The nuclear ratchet effect, building on Higgs’ (1987) framework in Crisis and Leviathan, posits that “existential threats”—initiated by the discovery of nuclear fission and exacerbated by Hitler’s warning: “Make no mistake…The moment could come very suddenly in which we could use a weapon with which we cannot be attacked.” (Hitler 1939)—compelled the U.S. government to launch irreversible expansions like the Manhattan Project (the largest research project in the history of mankind, constituting a quasi-state with its own energy plants and intelligence organization), which cost $2.2 billion and employed 130,000 workers, thereby permanently increasing the scale and scope of nuclear weapons policy.

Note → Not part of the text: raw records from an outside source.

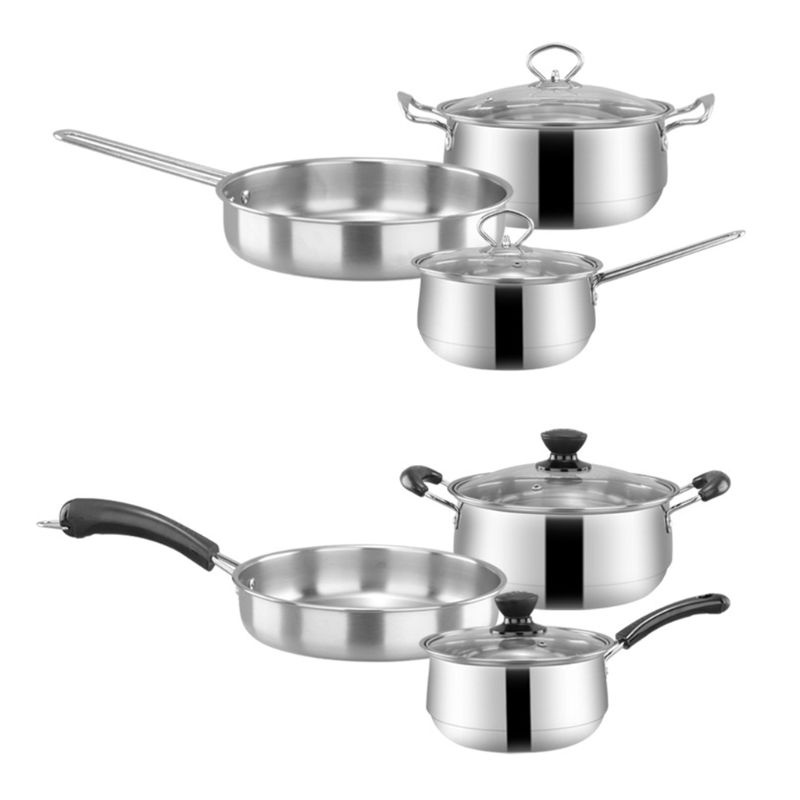 316 antibacterial micropressure cooker stainless steel wok household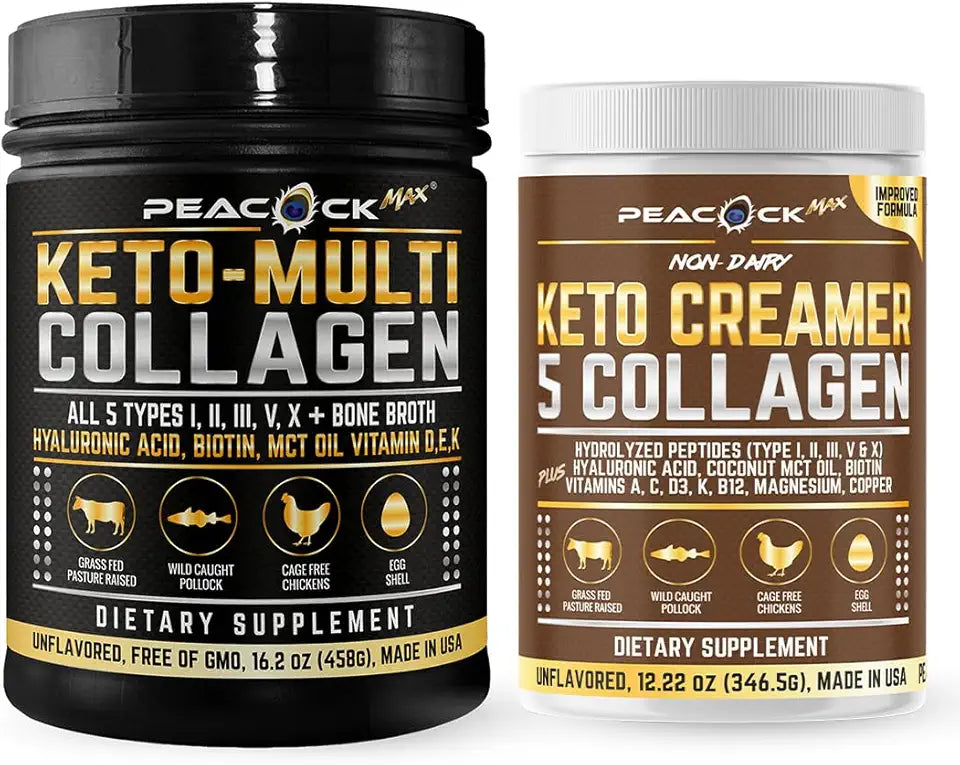 Collagen Protein and Creamer Bundle with MCT Oil, Peptides, Biotin & B12 I699981
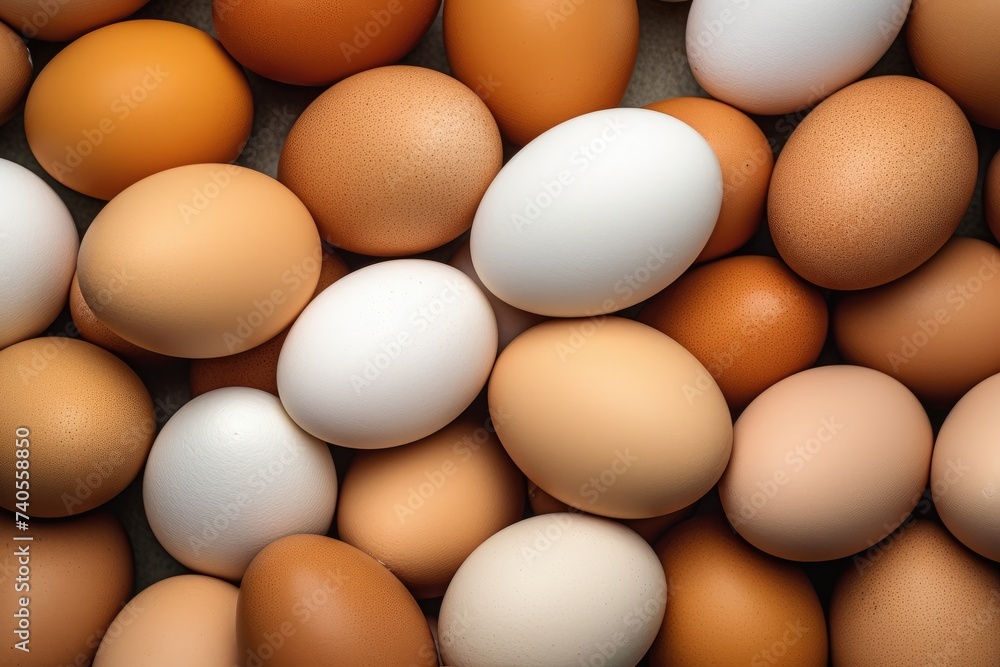 BIO fresh chicken eggs on green farm, food protein healthy food . Generative Ai. BIO fresh chicken eggs on green farm, food protein healthy food . Generative Ai.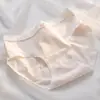 Pantaletas de niña con estampado floral rosa, 10A algodón puro antibacteriano, entrepierna extendida, transpirables, tiro medio, ajustadas a la cadera, calzones para estudiantes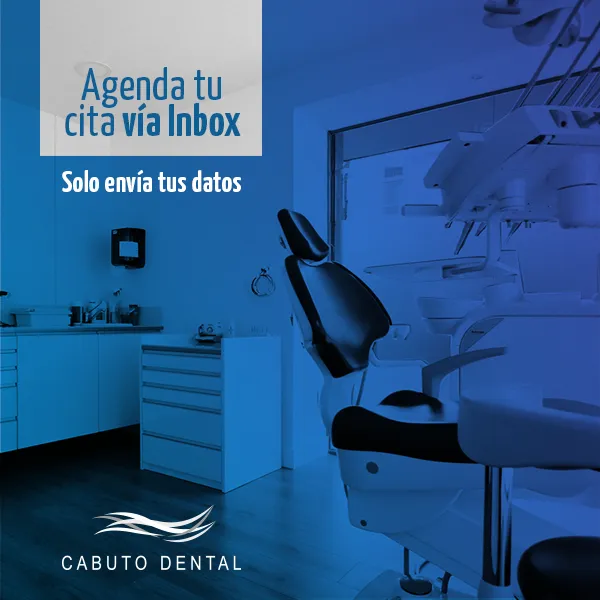 Cabuto Dental post inviting patients to book an appointment through Facebook messages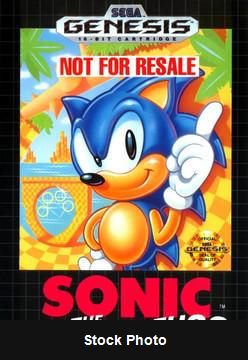 Sonic the Hedgehog [Not for Resale] - Sega Genesis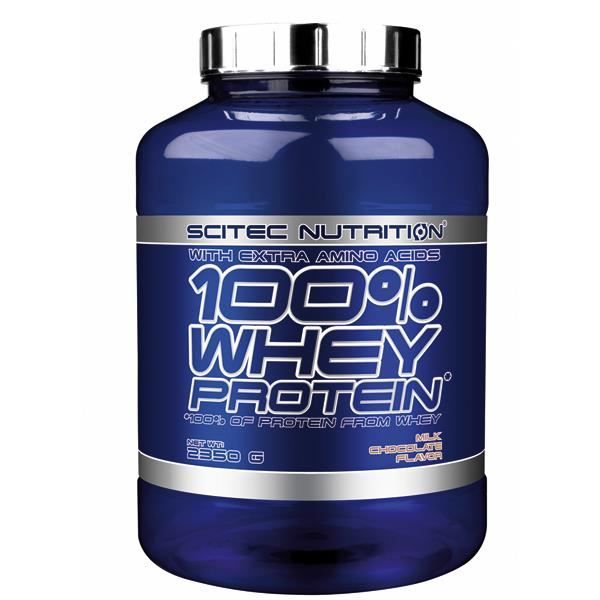 100% WHEY PROTEIN 2350g CHOCOLAT AU LAIT - Scitec Nutrition Proteine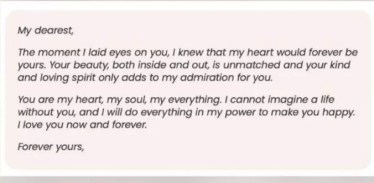 ChatGpt Love letter viral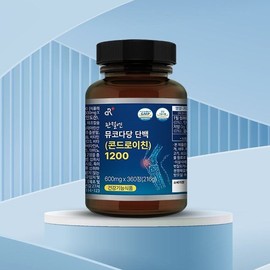 두리농산 Mucopolysaccharide protein chondroitin 360 tablets x 1 bottle for joints / 관절엔 뮤코다당단백 콘드로이친 360정x1병 없음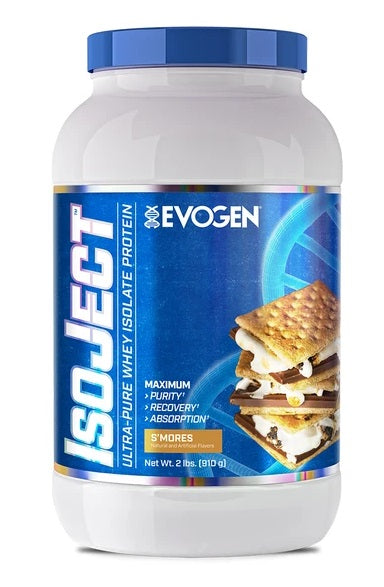 Evogen IsoJect, S'Mores - 910 grams - Default Title - Protein at MySupplementShop by Evogen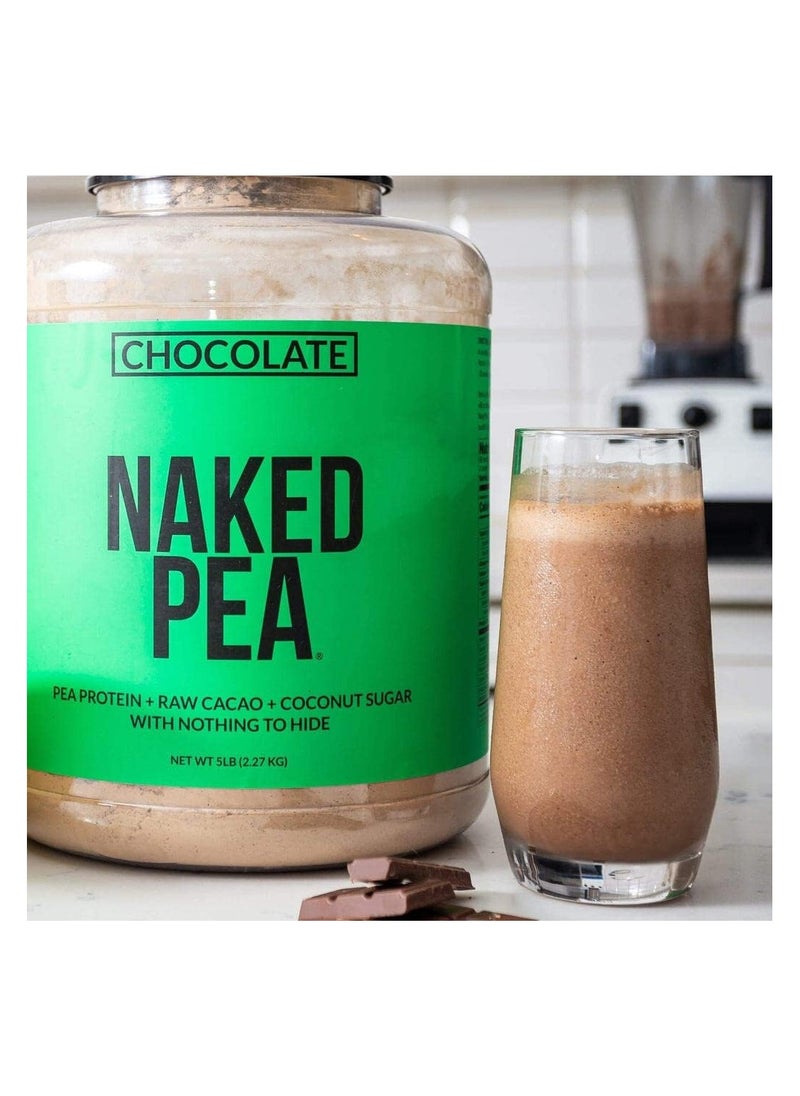 NAKED nutrition - Chocolate Naked Pea Protein Isolate - 5Lb Bulk, Plant Based, Vegetarian & Vegan Protein. Easy To Digest, Non-Gmo, Gluten Free, Lactose Free, Soy Free - Image 1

This primary crisis-induced expansion was further accelerated by a secondary calamity, the USSR’s first nuclear detonation in 1949, which initiated exponential increases in U.S. nuclear warhead inventories—from 170 in 1949 to over 31,200 by 1967—and catalyzed the establishment of new agencies and intelligence operations, such as the ALSOS mission and Project Paperclip.

The nuclear bomb is a weapon of exception. Its birth required the building of secret citadels—Oak Ridge, Hanford/Richland, and Los Alamos—and was itself born in crypsis as invincible liminality, guardian of the threshold between peace and apocalypse, the decision point between alternate timelines, a conqueror of martial realities and the social imagination. Then, in the 1950s, the atomic beast was wet-nursed to intercontinental size by extrajudicially acquired genius, initiating a chain reaction of grim comedies that continue to warp social, political and medical realities to this day.